MBAs: What They Really Want When they pick an employer, choosy B-school students seek flexibility, a chance to study the big picture, and a dose of excitement. Dull companies needn't bother to show up on campus.
By Shelly Branch

(FORTUNE Magazine) – What attracts hot young business talent? Among new MBAs, size surely matters; big companies--and their outsized paychecks--are predictably among the most popular employers. Increasingly, though, what separates the McKinseys (way cool) from the McDonald's (way dull) is the quality of the job offer. Peddling a gig with a yearlong "development" program? Forget it. Today's MBAs ache to make an impact fast--sans training wheels.

That's the message from campus placement officials and a recent survey of 2,221 MBA students from across the U.S. by the Stockholm-based academic consulting firm Universum. A marked trend: Savvy companies are pitching jobs with more flexibility. Even students routed to, say, a marketing slot are being promised broader exposure, such as the chance to work with a high-profile task force outside their functional area. This desire to develop wide-angle smarts is one reason that for the past several years one in four MBAs has chosen management consulting right out of school. "Students are awfully keen on strategic jobs," confirms Tom Fernandez, assistant dean at Columbia's B-school. "Even those headed to Wall Street want to do more big-picture work."

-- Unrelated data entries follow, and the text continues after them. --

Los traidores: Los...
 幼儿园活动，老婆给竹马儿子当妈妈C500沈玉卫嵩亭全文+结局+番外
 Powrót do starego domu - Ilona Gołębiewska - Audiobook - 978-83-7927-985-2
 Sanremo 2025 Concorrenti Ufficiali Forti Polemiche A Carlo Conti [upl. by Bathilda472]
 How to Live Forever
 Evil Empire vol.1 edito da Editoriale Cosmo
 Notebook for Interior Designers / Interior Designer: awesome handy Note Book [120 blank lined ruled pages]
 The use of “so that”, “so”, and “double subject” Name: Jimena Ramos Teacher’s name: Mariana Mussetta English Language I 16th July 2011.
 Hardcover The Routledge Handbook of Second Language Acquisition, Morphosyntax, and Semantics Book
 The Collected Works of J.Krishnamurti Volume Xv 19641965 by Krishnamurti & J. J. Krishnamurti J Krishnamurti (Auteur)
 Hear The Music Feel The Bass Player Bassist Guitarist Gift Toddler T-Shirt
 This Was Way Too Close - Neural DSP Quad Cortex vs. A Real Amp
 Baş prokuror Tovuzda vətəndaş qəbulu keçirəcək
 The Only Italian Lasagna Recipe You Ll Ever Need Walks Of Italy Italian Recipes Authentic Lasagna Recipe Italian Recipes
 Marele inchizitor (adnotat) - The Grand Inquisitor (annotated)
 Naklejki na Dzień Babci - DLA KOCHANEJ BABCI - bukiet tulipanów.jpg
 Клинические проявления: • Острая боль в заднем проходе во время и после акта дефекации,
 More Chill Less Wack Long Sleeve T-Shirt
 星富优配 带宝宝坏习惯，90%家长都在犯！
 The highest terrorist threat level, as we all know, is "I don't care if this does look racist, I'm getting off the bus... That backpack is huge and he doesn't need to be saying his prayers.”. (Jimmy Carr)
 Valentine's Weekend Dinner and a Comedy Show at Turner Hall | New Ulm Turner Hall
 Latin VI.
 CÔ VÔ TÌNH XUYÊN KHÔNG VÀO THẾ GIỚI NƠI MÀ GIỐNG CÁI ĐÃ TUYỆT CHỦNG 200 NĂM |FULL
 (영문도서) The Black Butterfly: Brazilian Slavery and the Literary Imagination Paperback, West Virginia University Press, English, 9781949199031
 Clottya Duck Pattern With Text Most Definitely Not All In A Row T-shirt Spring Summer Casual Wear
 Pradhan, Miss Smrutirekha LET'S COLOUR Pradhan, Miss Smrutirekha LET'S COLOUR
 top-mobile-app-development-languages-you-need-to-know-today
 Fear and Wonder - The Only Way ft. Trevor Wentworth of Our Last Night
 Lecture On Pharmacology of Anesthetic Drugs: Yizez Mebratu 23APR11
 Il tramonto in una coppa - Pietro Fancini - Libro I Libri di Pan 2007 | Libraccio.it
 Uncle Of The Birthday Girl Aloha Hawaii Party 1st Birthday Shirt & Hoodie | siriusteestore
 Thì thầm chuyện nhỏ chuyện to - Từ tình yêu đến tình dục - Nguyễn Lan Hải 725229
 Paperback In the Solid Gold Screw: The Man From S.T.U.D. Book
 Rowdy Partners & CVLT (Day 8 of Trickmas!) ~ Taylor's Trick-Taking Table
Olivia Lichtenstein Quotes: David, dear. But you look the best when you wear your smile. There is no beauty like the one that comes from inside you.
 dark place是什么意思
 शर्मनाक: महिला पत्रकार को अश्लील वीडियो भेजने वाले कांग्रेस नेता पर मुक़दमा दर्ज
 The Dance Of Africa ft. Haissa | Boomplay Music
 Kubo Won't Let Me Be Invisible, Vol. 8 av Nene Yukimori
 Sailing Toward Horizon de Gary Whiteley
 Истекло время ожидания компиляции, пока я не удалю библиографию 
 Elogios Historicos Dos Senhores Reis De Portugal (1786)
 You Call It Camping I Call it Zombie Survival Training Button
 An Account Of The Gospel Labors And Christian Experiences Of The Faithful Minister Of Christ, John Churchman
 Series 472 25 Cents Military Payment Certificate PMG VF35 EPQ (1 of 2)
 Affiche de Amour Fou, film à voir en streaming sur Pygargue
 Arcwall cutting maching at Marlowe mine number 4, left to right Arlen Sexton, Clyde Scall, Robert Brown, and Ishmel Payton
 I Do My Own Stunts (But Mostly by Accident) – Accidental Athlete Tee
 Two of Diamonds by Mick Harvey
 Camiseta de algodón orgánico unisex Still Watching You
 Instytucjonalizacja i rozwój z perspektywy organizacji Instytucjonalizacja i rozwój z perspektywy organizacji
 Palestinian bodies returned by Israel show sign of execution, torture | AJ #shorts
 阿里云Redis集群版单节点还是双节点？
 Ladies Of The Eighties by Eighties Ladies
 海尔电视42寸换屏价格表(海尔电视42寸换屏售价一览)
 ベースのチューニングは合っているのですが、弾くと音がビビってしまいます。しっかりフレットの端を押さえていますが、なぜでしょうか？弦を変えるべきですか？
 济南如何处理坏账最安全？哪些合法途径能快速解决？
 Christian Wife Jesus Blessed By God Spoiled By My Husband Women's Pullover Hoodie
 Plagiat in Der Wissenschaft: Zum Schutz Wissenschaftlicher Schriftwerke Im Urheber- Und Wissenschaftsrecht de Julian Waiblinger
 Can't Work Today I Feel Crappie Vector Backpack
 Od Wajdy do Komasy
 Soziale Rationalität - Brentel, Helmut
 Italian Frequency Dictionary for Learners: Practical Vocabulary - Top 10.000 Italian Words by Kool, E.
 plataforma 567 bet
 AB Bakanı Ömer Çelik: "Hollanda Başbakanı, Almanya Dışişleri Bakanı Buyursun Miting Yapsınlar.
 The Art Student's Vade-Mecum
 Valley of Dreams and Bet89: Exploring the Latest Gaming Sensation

So investment banks and consulting firms still rule the dream list, and many companies that have moved up among the top 50--notably Lucent, Nortel, and Dell--offer fast-track programs for MBAs. Sums up Cheryl Dowdall, director of career services at the University of North Carolina's Kenan-Flagler Business School: "If you show up on campus, you'd better be a truly exciting company." Also worth noting: MBAs now seem to be viewing the first job out of school as more crucial. Last year Universum found that 17% of MBAs planned to hit the eject button after just one or two years; this year a mere 5% are thinking short-term.